BP: Yeah. I do think that kind of stress triggers things that might be lurking for sure. They’ve done studies on how stress can trigger disease. So I have a rule with myself. If I’m experiencing enough physical symptoms that I want to Google it, I call my doctor and go see my doctor. I don’t Google things. That’s just my rule, because then I can get an actual professional’s opinion and not go down some rabbit hole and stress myself out. Because as I mentioned, I do think in some ways, hypochondria is an addiction to worry. You’re just addicted to being worried all the time. You know, that was the question I had to ask myself: What does life look like if I’m not worrying all day long about something on my body? And it’s pretty fricking sweet! I’m getting a lot more done.

III. Beezle

BLVR: How did you manage to cure yourself of hypochondria?

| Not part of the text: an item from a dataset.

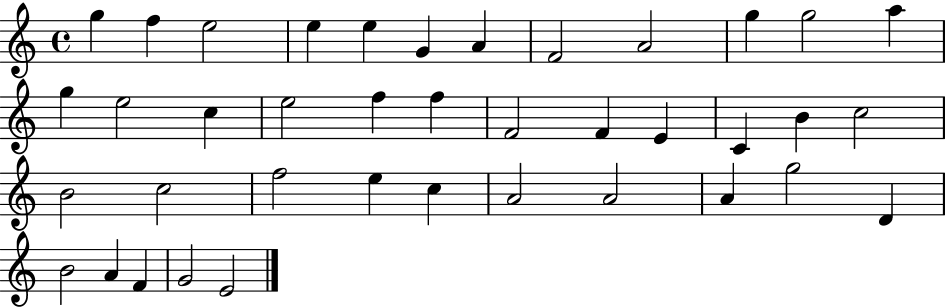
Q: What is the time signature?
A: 4/4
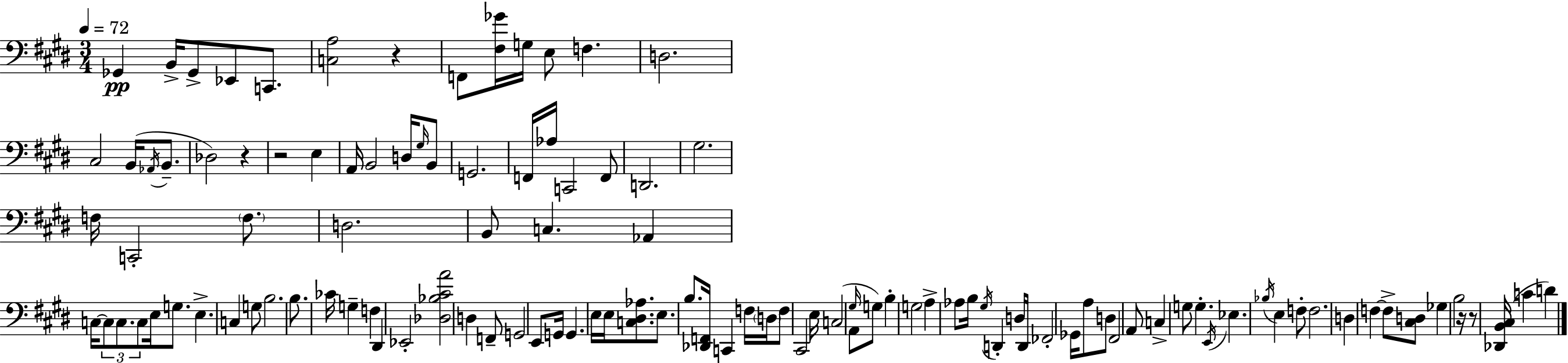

BP: Again I have to reiterate—I am not a mental health professional or a doctor, so take all of this with a grain of salt. When I was in the depths of my hypochondria I was too broke to afford therapy and I was still drinking and smoking tons of weed and doing drugs. The weird program I came up with to “cure” myself was a patchwork set of practices and tools that I picked up here and there. Some of it I just made up. When I could finally afford therapy I came to learn a lot of what I was doing naturally was part cognitive behavioral therapy, part narrative therapy, part meditation practice. Once I learned about what triggered the hypochondria, I went to therapy to deal with it and process it—but more on that later.

 1. Recognize it—I didn’t know what anxiety was. I remember calling my yoga instructor from Chicago O’Hare and telling her I thought I was having a heart attack. When I explained my symptoms she said, “Oh honey you’re having a panic attack.” That was the first time I’d ever even heard of such a thing. That anxiety morphed into anxiety about my health and it wasn’t one moment I remember. It just steadily happened over years. It was like my brain got hooked on being in a constant state of fear. The first person I ever admitted it to was my doctor after I’d spent months obsessing about my throat.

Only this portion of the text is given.